Items listed in a dataset:
+-------+

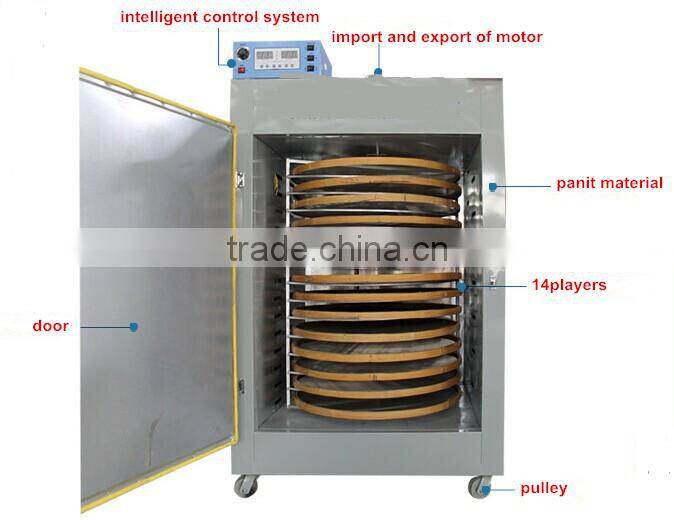 Industrial food drying machine/industrial dryer for food/commercial food dryer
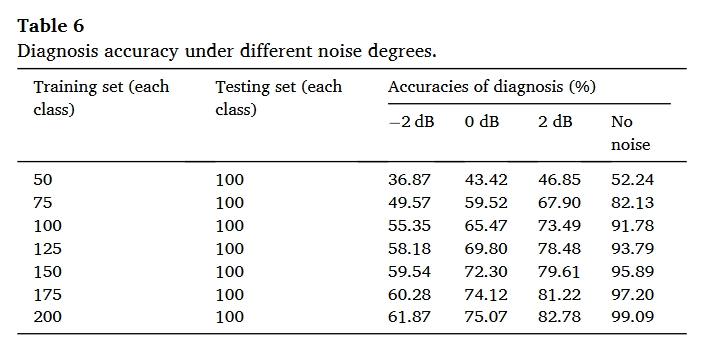 table.6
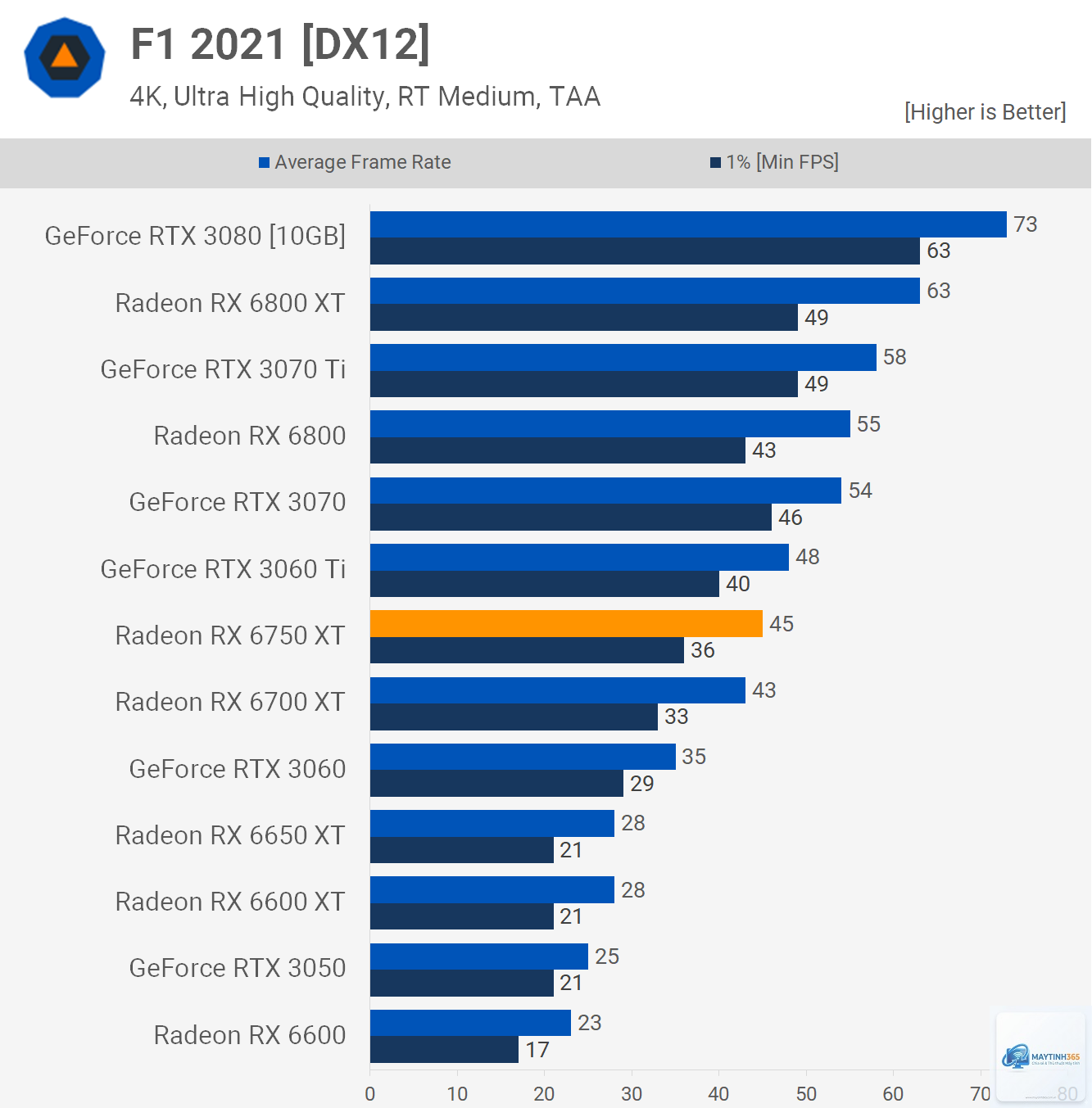 RTX 3060 vs RX 6750 XT - Image 4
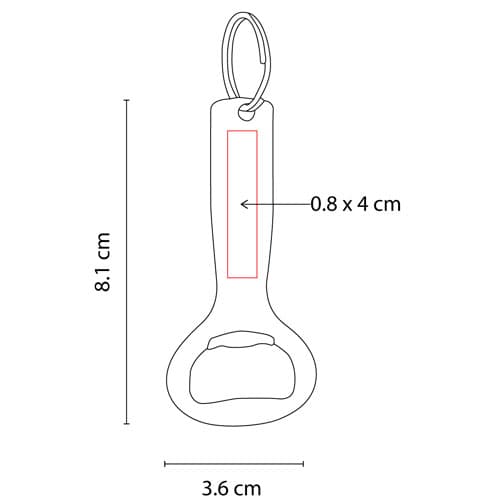 Área de impresión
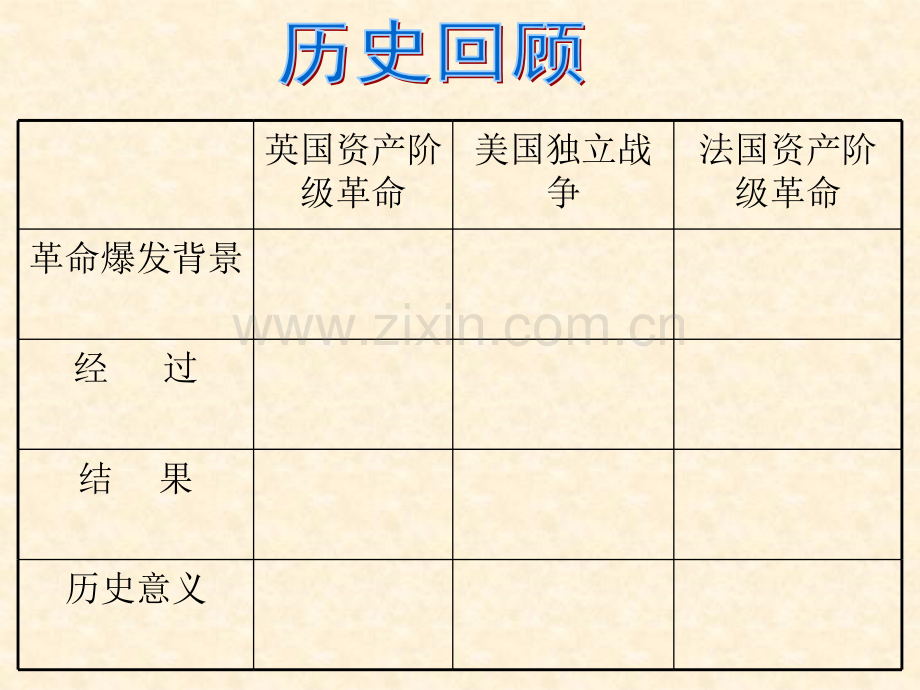 初中历史与社会新体制创立.pptx_第3页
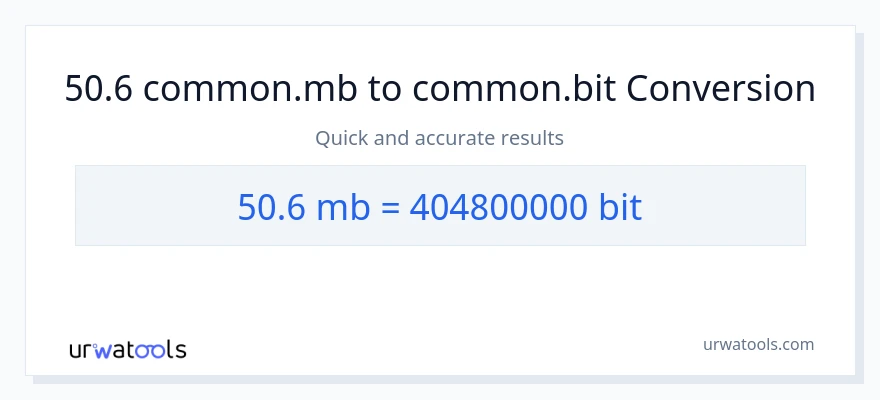 50.6 Megabytes இலிருந்து Bits வரை மாற்றம்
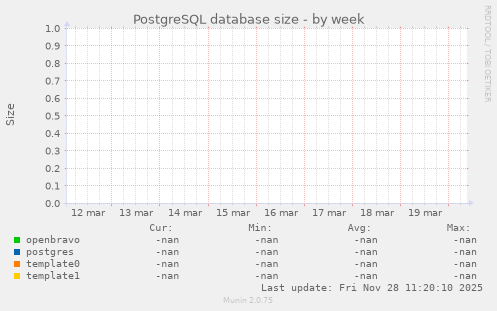 PostgreSQL database size
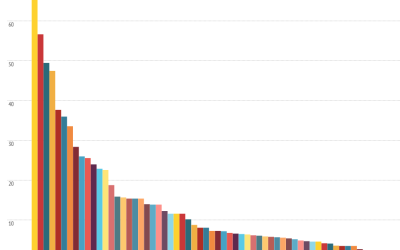 Biking, Walking, and Transit Use Across the US (2013)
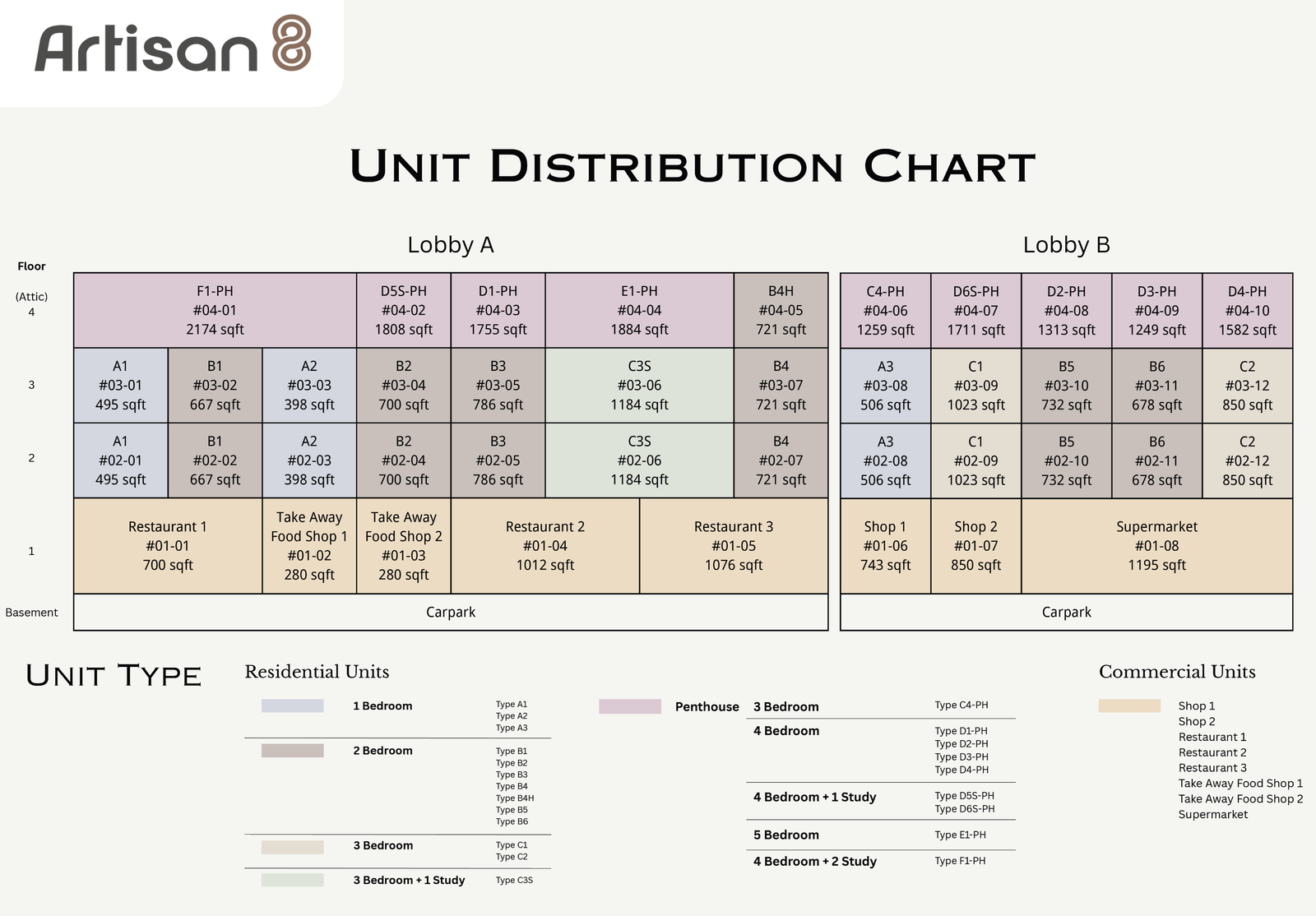 Artisan 8 site plan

+-------+

§ **What to produce**:
What is needed is an exact copy of all the entries above, minus the pictures.

§ **Task output**:
 Industrial food drying machine/industrial dryer for food/commercial food dryer
 table.6
 RTX 3060 vs RX 6750 XT - Image 4
 Área de impresión
 初中历史与社会新体制创立.pptx_第3页
 50.6 Megabytes இலிருந்து Bits வரை மாற்றம்
 PostgreSQL database size
 Biking, Walking, and Transit Use Across the US (2013)
 Artisan 8 site plan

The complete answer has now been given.